Allah (CC) , bazı sevdiği kimseleri diğerlerinin ayıplarına vakıf kılar. Söylenen yalanları, şirki, küfür yollarım sezer. O velî bunlara dayanamaz, kızar bağırır. Bu yaptıkları haliyle Allah (CC) için olur. Evvela içten kızar, sonra dışa vurur. Bu durum onu rahatsız eder. Söylenmeye başlar. O kötülükleri bir bir sayar döker:
- “Böyle Müslümanlık olmaz.”
- “Bu işleri yapanlar şeytandır, şeytan da Allah’ın (CC) düşmanıdır.”
Gibi birkaç kelam sarfeder. Sonra devamla:
- “Yapılan bu işler ancak münafıkların yapacağı iştir. Münafıklar, cehennemin en dibine gireceklerdir.”
Şeklinde söylenir durur…
Bu sözler, o velînin ağzından böylece çıkmaya başlar. Bu sözler, onun veliliğine bir zarar vermez. Aksine bu sözler, onun tam bir velî olduğuna delil sayılır.
O, kendiliğinden konuşmaz. İlahî tecelli onu içine almıştır. O yaptığı işi ilahi tecelli ile yapar. Kaderle hareket eder.
Sözlerini söylerken bazılarının yüzüne karşı, bazılarının da ardından söyler. Ardından söylenince hoşa gitmeyenler için dedikodu yapılır. Bu dedikoduları önlemek için o velînin aleyhine söz sarfedilir:
- “Bu bir velîdir, neden gıybet eder durur? Onların bu sesine karşılık susmak, belki daha hayırlıdır.”

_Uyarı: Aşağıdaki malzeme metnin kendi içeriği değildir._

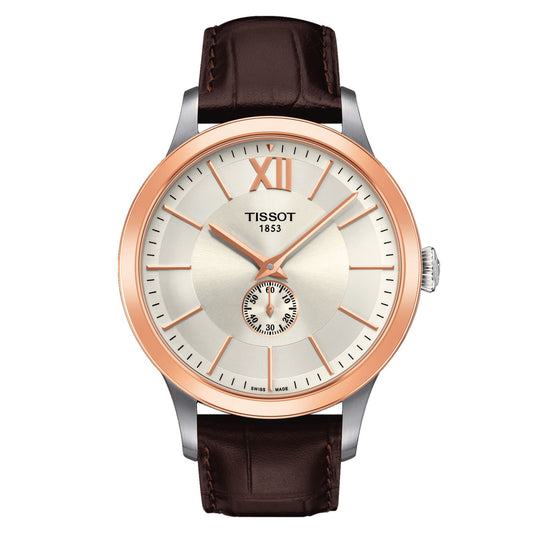 Tissot Classic Gent Automatic 18K Gold (Leather, Brown) Roman And Indexes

Sonra dışarıda insanlar gücenir. İç alemde Allah (CC) razı olmaz, darılır.
- “Zararı faydasından çoktur.”
Mealinde buyurulan ayetin hükmü altına girer bu işler.

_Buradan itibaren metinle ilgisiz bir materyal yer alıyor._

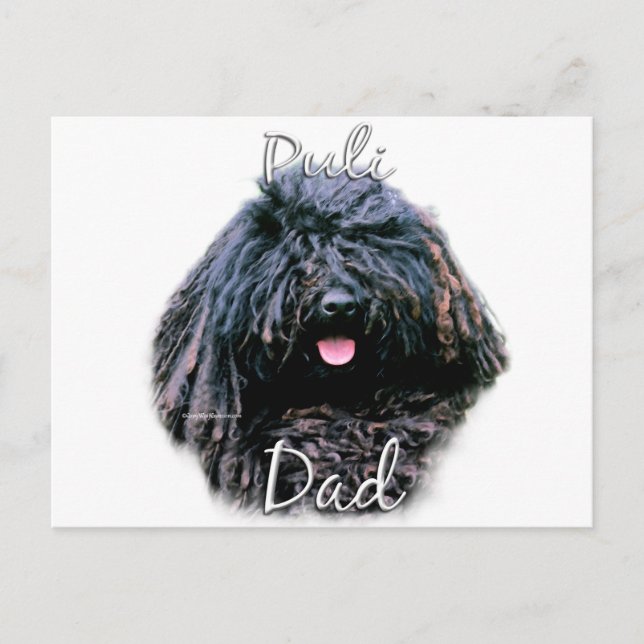 Puli Dad 2 Postcard (Front)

O velîye burada düşen vazife, şeriata uymaktır. Onun emrine göre hareket etmektir.
Tevbe etmeli, yaptıklarını Allah’ın (CC) ve Peygamberin (SAV) emirlerine göre yürütmeli. Bu iş o velî için biraz zor olur, ama öbür şaşkınlar için iyi olur. Çünkü bir kimsenin ne kadar kötülüğünü yüzüne vurursan fenalık o kadar artabilir.
Doğru yola ancak Allah (CC) hidayet eder.